By extra demand I thought it meant having more than 5 in the week!!!!!!!!!!

Very disappointed :frown:

Reply 21

alex27996

i think i got 65/75. would this be enough for an A do you think?

Reply 22

Josh771

Seems good :smile:

I messed up on the probability that 1 of 4 was negative, for some reason I did all 4.... still would get working marks for finding the probability of 1 being negative even if its not worth much! But the rest was really good! Im glad the last question's part a) was a show that, I did the whole question before going to do that which saved a load of time as I didn't understand it at first! Pretty nice paper though compared to what I had imagined, especially as some parts felt like they were cut straight out of last years (i.e two missing probabilities a and b, show the variance, rectangle with variance of 3!!)

Reply 23

ibanezmatt13

On finding a and b in the last question, at the time I didn't know what I was doing, but I blagged it and I'm wondering if this will get the marks.

I looked in the poisson tables and realised that 1 - P(X<=3) = 0.143, though I didn't know the significance of this

So my answer to part i) was:
======================

P(X <= 3) = 0.8571

a = 1 - 0.8571 = 0.143

and then sum of probabilities is 1, so found b based on that.

Any marks?

UPDATE: This is a load of rubbish I think. What a way to loose 8 marks...

(edited 8 years ago)

Reply 24

HeyC97

How did you do 2)b)ii) I put prob or being negative = 1/3 so prob of being positive = 2/3 and then 1/3 x2/3^3? But I'm sensing this may have been wrong ..?

Reply 25

ibanezmatt13

Original post by HeyC97

How did you do 2)b)ii) I put prob or being negative = 1/3 so prob of being positive = 2/3 and then 1/3 x2/3^3? But I'm sensing this may have been wrong ..?
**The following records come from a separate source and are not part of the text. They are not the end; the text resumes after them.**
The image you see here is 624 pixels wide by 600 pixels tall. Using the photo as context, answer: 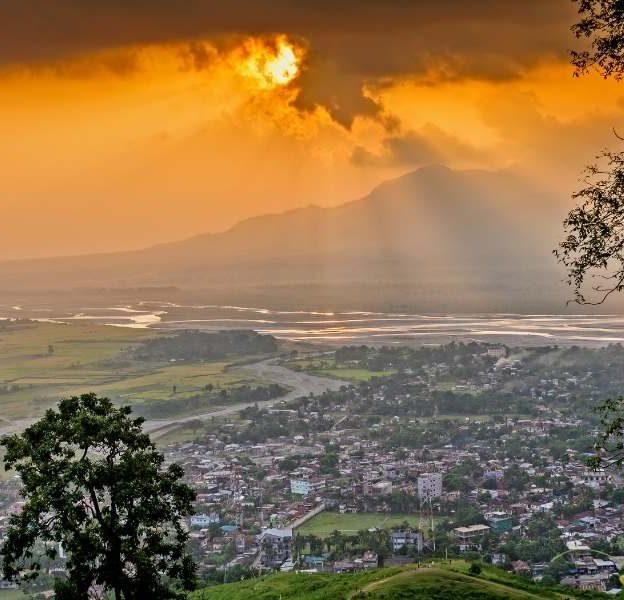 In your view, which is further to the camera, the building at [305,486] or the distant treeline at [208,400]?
the distant treeline at [208,400]

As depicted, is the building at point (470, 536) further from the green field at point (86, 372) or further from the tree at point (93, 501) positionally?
the green field at point (86, 372)

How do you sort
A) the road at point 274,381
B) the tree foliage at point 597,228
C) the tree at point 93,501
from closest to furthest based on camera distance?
the tree foliage at point 597,228 < the tree at point 93,501 < the road at point 274,381

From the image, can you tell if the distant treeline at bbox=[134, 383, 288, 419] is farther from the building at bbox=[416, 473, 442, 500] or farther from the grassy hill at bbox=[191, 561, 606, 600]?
the grassy hill at bbox=[191, 561, 606, 600]

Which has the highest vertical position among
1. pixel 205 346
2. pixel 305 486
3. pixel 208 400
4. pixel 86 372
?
pixel 205 346

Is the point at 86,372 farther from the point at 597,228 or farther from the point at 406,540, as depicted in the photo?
the point at 597,228

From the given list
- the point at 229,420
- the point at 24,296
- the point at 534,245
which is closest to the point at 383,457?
the point at 229,420

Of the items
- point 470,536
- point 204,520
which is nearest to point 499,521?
point 470,536

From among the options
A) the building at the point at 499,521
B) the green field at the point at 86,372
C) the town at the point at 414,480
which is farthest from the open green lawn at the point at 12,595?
the green field at the point at 86,372

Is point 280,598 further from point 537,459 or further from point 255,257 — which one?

Very close. I think it asked for the probability of X being negative once in 4 times, so you'd have had to multiply that by 4C1 = 4 as there are 4 ways of that occurring.

Reply 26

ec1209

Does anyone know how you were supposed to calculate the profit for stocking 4 magazines in question 7? I don't even care about my grade anymore I just want to understand it! :smile:

Reply 27

Josh771

Original post by ec1209

Does anyone know how you were supposed to calculate the profit for stocking 4 magazines in question 7? I don't even care about my grade anymore I just want to understand it! :smile:

I did it by saying the probability of 4 selling was the same as 4 and 5 selling when selling 5 magazines (i think it was 0.343 or something). Then find E(X), do 1 x E(X) -0.5(4-E(x)) just as with the previous part

Reply 28

anise_mc

Original post by alex27996

i think i got 65/75. would this be enough for an A do you think?

i'd say so, as it was 65 for an A in june 2014 i think and those boundaries were very high :smile:

Reply 29

ibanezmatt13

Original post by anise_mc

i'd say so, as it was 65 for an A in june 2014 i think and those boundaries were very high :smile:

Do you think the boundary for the A* this year will be lower than last year?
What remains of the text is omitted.